Required action ::
Go through the records below line by line and report how many lines include "фото", giving the number only.

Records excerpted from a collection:
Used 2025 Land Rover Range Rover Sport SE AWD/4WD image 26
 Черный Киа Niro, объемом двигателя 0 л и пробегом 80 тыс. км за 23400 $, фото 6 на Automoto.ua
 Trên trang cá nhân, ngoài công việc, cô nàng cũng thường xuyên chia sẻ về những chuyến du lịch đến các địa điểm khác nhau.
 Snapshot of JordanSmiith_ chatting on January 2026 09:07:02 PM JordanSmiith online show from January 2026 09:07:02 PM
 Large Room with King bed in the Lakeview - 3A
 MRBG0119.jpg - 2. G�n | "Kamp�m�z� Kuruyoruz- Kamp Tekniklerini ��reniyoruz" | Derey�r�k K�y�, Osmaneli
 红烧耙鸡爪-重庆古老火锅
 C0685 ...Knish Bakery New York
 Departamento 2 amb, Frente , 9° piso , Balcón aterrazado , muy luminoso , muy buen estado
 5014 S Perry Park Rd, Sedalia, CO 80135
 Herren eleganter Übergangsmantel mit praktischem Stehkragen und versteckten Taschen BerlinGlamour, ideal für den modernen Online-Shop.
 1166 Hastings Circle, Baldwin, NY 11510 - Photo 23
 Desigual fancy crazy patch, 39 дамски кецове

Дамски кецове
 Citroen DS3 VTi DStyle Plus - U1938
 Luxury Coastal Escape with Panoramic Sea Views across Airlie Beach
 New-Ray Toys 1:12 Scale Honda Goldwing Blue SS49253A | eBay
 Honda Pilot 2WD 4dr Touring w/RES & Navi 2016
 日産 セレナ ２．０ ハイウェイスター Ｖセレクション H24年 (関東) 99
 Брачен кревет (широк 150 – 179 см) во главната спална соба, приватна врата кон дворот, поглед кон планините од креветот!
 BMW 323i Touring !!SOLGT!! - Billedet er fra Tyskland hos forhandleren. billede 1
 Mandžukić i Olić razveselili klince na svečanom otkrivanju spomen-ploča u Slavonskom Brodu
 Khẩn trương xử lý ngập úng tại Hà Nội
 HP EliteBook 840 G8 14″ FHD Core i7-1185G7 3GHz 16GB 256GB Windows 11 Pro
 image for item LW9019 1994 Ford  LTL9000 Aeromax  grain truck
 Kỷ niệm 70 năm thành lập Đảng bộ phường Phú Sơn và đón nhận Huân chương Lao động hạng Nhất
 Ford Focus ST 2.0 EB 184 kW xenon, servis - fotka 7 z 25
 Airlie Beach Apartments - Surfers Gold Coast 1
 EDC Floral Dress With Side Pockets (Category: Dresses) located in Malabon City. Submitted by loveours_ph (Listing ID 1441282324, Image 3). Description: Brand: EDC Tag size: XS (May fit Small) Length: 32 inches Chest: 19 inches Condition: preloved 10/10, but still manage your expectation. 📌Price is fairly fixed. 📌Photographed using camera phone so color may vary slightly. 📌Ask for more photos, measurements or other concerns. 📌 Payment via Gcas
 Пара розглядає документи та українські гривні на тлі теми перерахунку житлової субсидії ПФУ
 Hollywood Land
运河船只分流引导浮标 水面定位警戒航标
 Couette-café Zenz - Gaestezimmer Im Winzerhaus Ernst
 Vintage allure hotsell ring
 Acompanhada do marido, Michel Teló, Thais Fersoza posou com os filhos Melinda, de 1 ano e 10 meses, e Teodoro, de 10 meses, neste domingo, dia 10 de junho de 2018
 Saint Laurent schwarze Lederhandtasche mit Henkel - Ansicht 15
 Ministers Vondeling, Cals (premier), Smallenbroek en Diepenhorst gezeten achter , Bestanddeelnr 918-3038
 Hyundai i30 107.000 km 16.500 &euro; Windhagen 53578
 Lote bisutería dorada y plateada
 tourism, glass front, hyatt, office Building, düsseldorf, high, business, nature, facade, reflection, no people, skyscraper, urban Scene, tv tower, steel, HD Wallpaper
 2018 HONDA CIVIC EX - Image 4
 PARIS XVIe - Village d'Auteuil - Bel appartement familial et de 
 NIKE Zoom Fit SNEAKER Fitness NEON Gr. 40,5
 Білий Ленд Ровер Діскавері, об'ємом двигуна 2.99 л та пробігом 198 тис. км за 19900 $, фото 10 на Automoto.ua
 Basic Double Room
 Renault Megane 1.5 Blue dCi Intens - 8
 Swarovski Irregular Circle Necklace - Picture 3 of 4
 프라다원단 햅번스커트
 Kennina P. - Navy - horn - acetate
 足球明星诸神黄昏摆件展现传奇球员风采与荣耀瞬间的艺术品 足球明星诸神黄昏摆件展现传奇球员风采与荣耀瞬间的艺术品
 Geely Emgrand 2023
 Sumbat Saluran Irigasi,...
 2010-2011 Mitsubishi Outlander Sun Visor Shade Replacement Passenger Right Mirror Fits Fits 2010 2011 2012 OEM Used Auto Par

Reply ::
2